As a senior oncology clinician and researcher, I was asked to write about “Oncology
beyond science.” After 27 years of dealing with cancer patients, a lot of ideas swirled
around in my head. Since leaving medical school and studying to be a physician specializing
in cancer, all my lecturers had emphasized the importance of science in advancing
medicine. During my postgraduate oncology fellowship in New York, my mentor and supervisor
distilled into me the importance of basic scientific and clinical research. However,
as I have progressed through my career, I have learned to listen carefully to my patients'
concerns and wishes.
In Australia, over the last 25 years, the Holy Grail of Oncology has been to increase
the 5-year survival rates for all neoplasms. To this end, we have achieved that much-the
5-year survival for all cancers has increased from 48% in 1990 to 65% in 2012 in Victoria,
Australia.[1],[2] What an achievement! However, more and more patients are looking to natural and
complementary medicines for their treatment. Medicine and the practice of oncology
is an art form. We take a history, examine the patient, and order tests which confirm
a diagnosis. Then, we formulate a plan based on the best available treatments science
has to offer. Yes, therapy has to be based on factors as varied as your age, performance
status, stage of cancer, renal and liver function, etcetera. However, that is from
the doctor's perspective! Often, we forget that the real cruncher is the patient's
perspective. Many a times, I have seen patients forgo the whiz-bang therapy at the
tertiary referral hospital for treatment close to home. Patients just want a loved
one close to them during this challenging time. That may mean going to a local hospital
where their son or daughter is able to accompany them, while they have their chemotherapy,
radiotherapy or even surgery.
We also have to take into account patient preference for enhanced quality of life,
not necessarily length of life. We know that cancer therapies can induce significant
adverse events and often patients, especially geriatric patients, would like to minimize
these, even if it means that it may impact longevity. Oncologists sometimes forget
this important piece of the cancer puzzle.
The “C” word is terrifying (when you hear it being spoken about you personally)! Hence,
many questions go through a patient's head. Am I going to make it? How long have I
got to live? Is there going to be much pain or suffering? Who will look after my children,
partner, or parents? And so, the questions go on. This is where empathy and understanding
come in. Establishing patient rapport and trust is a key. Artificial intelligence
may be the way of the future; however, at present, computer algorithms cannot hold
out a sympathetic helping hand or maintain eye contact. We want and deserve human
contact.
What about if I change my diet, Doc? Will that help me to fight this cancer? In many
cases, a poor diet and obesity have contributed to the development of a malignancy.[3] Patients do not need judgment, but they want a plan moving forward. Working with
a dietician often helps them to eat healthier and also gain some control over their
life, which is often spiraling out of control.

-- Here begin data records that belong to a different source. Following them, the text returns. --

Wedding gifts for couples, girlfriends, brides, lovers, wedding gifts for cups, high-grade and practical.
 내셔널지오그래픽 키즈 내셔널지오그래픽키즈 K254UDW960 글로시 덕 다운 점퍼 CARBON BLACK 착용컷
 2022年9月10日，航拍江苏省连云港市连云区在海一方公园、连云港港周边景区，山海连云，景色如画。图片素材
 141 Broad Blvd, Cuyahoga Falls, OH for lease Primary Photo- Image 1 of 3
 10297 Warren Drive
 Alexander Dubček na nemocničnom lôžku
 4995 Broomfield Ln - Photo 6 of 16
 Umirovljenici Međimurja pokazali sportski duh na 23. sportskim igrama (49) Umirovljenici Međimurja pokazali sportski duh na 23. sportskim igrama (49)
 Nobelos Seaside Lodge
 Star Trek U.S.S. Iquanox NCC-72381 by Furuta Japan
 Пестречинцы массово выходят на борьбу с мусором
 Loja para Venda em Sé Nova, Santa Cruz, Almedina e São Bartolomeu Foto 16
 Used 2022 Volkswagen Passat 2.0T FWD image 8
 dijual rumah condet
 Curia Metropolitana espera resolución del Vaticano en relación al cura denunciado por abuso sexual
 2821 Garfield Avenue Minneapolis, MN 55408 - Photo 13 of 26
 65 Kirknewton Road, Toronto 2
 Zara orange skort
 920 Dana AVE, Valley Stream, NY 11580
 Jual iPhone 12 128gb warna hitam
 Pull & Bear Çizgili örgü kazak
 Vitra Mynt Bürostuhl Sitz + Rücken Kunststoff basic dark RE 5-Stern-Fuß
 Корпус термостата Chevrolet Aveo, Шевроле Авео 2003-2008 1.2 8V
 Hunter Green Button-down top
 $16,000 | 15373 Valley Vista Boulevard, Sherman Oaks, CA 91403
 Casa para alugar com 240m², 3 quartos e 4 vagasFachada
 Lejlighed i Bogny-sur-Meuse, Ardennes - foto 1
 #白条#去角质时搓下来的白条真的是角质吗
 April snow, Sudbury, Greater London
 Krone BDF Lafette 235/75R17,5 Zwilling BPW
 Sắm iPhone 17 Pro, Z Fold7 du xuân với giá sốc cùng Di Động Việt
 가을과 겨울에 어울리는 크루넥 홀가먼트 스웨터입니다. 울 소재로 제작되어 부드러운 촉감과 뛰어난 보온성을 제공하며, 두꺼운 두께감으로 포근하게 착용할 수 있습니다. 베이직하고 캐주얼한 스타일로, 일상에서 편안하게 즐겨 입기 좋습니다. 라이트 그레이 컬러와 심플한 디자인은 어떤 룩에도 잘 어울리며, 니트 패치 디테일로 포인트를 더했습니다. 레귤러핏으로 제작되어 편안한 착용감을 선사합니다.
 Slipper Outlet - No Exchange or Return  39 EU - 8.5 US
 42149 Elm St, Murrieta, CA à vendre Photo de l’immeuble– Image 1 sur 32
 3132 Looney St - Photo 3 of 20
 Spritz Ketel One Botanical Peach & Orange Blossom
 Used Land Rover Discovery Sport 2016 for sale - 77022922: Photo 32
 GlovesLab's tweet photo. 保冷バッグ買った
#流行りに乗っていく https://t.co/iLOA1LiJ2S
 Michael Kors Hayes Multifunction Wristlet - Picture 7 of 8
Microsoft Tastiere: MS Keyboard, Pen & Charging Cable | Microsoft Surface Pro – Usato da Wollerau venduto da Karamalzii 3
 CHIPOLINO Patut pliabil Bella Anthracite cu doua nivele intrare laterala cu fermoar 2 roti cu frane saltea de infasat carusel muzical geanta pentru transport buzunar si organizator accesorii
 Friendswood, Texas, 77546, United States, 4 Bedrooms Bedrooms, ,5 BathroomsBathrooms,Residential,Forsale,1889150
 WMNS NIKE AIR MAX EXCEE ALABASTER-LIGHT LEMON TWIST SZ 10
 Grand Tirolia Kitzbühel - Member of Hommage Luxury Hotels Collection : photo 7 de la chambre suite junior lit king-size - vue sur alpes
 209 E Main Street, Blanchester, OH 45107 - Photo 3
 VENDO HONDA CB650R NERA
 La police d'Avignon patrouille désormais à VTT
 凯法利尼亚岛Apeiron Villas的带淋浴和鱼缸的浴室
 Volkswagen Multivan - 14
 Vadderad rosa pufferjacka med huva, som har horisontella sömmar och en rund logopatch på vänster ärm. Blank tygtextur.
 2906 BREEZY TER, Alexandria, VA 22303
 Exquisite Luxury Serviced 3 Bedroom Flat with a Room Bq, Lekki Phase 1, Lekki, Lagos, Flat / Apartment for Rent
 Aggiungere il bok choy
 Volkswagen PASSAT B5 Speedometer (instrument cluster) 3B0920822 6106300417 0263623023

Is exercise helpful in coping with cancer and its treatment? Well, there is strong
scientific evidence that a structured exercise program can elevate mood, decrease
fatigue, and improve function in cancer patients.[4] I am a firm believer in getting my rehabilitation and exercise physiologist colleagues
to help in this endeavor. The feedback from patients about exercise is always positive.
The other day, a patient brought a whole shopping bag full of bottles of medicines.
Most of this was compromised of various natural remedies, herbal medicines, and vitamins.
I am glad to see that research is being done into this field. A lot of natural remedies
have a placebo effect of making the patient feel better.[5] Some, for instance ginger decreases the side effects of chemotherapy-induced nausea.[6] The patient feels more in control and enjoys the feeling of taking ownership of
their own outcome by contributing to the fight. Occasionally, complimentary medications
have serious side effects such as liver failure.[7] However, having an honest, nonjudgmental relationship with a client usually leads
to one managing any adverse event successfully.
Finally, we have to realize in 2019 that science does not have all the answers. Dying
with dignity is important. Sometimes, backing off on futile conventional therapies
is what is required after a long and arduous battle with malignancy. Some patients
have a bucket list that they would like to complete before their death. Recently,
a patient of mine with advanced melanoma had done well for 9 years with conventional
management but wanted to spend her last days with her family in Serbia. She had spent
the last 40 years in Australia. There were many logistical hurdles to overcome, such
as her bowel obstruction, but she successfully made it to Belgrade, and according
to her niece, she spent a peaceful and productive last 2 weeks with family there.
It was a dignified death and one that gave me satisfaction since I was able to facilitate
it. Palliative care and home hospice are making a huge difference in patients' quality
of life and lowering their anxiety about death and suffering.[8]
What we as physicians must realize is that there is so much more that can and should
be done to help cancer patients beyond just science. There is meditation and religious
faith which can bridge the gap between human suffering and the “afterlife.” Bringing
hope, relieving suffering, and making patients live longer are a real privilege.